Dropp - PATTERNS - la recensione

Recensione del 02 ago 2016 a cura di Marco Jeannin

La recensione

"All past paths" è uno dei brani più vecchi dell’album ed è uno di quelli che ha subito più trasformazioni. Rappresenta il perfetto anello di congiunzione tra i nostri vecchi lavori e questo disco. Il brano inizia con tono sommesso per poi diventare concitato con gli arpeggiatori finali e ci sembra una perfetta rappresentazione del percorso che ci ha portato a scrivere questo album.

I Dropp, Giorgio Sarno, Stefano Venegoni, Tommaso Laterza e Francesco Sansalvatore, nascono a Torino. Nel 2011 esce il primo EP, “432 Atmosfere”, nel 2013 il secondo, “New Paris”. Elettronica e post wave con la mole sullo sfondo.
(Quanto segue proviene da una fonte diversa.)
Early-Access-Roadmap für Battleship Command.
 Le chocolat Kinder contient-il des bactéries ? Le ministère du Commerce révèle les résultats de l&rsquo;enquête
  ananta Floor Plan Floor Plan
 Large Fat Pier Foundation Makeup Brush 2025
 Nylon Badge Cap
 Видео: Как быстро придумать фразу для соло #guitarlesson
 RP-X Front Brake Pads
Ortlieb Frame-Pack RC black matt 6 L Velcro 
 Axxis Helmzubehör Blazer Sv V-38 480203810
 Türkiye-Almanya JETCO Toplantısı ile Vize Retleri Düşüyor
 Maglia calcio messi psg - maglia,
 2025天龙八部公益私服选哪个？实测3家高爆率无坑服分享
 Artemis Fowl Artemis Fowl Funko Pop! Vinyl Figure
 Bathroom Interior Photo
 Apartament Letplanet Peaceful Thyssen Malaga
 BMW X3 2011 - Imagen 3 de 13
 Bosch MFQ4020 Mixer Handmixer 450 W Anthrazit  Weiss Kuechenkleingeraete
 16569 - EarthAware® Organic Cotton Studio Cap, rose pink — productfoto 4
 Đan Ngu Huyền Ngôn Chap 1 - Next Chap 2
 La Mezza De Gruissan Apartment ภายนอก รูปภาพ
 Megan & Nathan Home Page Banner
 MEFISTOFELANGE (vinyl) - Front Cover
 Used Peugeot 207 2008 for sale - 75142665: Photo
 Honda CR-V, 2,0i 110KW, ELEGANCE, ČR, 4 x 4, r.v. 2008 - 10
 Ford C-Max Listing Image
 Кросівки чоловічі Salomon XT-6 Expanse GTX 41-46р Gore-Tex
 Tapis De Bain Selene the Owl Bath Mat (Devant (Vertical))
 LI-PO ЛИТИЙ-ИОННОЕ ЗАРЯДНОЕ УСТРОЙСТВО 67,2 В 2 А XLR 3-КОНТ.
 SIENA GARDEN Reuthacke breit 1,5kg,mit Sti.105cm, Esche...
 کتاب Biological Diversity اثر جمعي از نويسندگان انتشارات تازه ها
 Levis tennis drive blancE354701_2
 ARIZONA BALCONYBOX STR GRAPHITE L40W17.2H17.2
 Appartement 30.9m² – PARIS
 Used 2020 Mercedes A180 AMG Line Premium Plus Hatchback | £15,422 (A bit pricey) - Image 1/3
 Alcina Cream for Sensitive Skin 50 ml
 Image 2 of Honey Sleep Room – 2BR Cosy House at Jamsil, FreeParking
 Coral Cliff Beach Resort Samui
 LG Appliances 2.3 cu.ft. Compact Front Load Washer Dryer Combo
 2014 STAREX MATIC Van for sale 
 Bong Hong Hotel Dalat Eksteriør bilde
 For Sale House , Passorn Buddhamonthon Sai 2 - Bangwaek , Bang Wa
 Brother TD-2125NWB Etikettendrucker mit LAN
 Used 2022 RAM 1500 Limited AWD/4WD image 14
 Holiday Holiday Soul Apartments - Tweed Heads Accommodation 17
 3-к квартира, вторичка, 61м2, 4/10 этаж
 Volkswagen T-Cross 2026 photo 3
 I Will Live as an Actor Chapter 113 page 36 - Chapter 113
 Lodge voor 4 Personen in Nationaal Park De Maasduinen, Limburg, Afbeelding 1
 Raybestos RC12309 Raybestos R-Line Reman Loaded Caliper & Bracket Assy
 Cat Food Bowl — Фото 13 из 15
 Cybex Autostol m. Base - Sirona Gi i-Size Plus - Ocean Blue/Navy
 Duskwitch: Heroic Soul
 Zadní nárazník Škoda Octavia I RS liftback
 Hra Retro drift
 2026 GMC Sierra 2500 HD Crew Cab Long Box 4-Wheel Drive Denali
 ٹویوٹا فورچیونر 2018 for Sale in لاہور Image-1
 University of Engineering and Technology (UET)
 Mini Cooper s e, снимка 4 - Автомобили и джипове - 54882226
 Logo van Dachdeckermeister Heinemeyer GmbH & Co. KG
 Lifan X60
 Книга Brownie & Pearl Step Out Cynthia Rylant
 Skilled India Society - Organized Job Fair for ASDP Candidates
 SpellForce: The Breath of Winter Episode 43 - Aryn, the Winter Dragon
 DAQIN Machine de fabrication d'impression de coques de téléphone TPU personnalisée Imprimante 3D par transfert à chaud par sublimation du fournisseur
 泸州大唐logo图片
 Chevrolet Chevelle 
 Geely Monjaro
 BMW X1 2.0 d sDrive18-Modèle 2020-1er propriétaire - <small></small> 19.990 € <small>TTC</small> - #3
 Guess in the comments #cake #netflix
Tra il 2014 e 2015 si dedicano alla scrittura del primo full lenght, a conti fatti il punto di arrivo di un percorso che li ha visti crescere, maturare e, finalmente, trovare la propria dimensione proprio in quell’ibrido tra elettronica e indie, tra James Blake e i Wild Beast. Una contaminazione di generi che ha fruttato otto pezzi fondati su linee vocali sempre interessanti, campioni continuamente rielaborati e... pattern atmosferici a tratti quasi dark, generati da sequencers e synth. Un disco che nasce dunque da piccoli segnali digitali, idee vere e proprie sviluppate poi per creare tessuti sonori in grado di sostenere melodie mai troppo ostiche perché siano apprezzate a pelle, ma mai cosi` scontate da esaurisi in pochi ascolti.

“Patterns” è un ottimo esordio, l’ennesimo step compiuto da quella scena elettronica italiana (i ragazzi si affiancano a Capibara, Godblesscomputers, Populous, Aucan, Go Dugong, Vaghe Stelle, Mohko e Dyd) che, in barba all’hype o al trend del momento, continua a tirare dritto per la propria strada con le idee sempre più chiare. Torino torna capitale, marchiando definitivamente un sound che ha un rapporto speciale con questa città; pensiamo anche solo al C2C. In “Patterns” la planimetria del Duomo è stata scelta come copertina, diventando un pattern a sua volta. Architettura, musica, storie, linee, colori, suoni. Ben fatto Dropp.